> _Work to complete_: Leave every picture out and return the rest of the listing verbatim.

> _Supplied material_:
★ ★ ★ ★
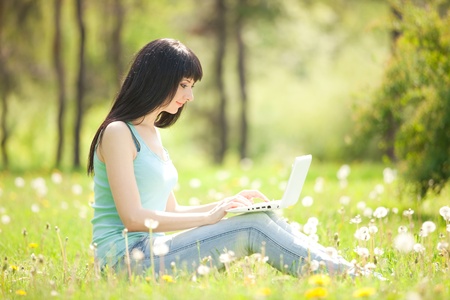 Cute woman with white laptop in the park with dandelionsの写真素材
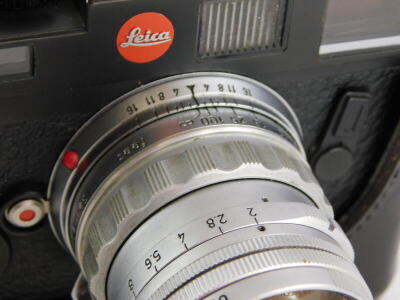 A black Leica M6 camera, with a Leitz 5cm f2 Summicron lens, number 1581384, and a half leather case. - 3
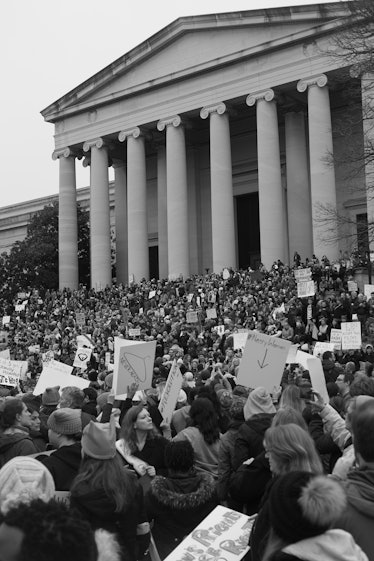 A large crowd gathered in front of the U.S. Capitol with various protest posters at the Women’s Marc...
★ ★ ★ ★
> _Task solution_:
 Cute woman with white laptop in the park with dandelionsの写真素材
 A black Leica M6 camera, with a Leitz 5cm f2 Summicron lens, number 1581384, and a half leather case. - 3
 A large crowd gathered in front of the U.S. Capitol with various protest posters at the Women’s Marc...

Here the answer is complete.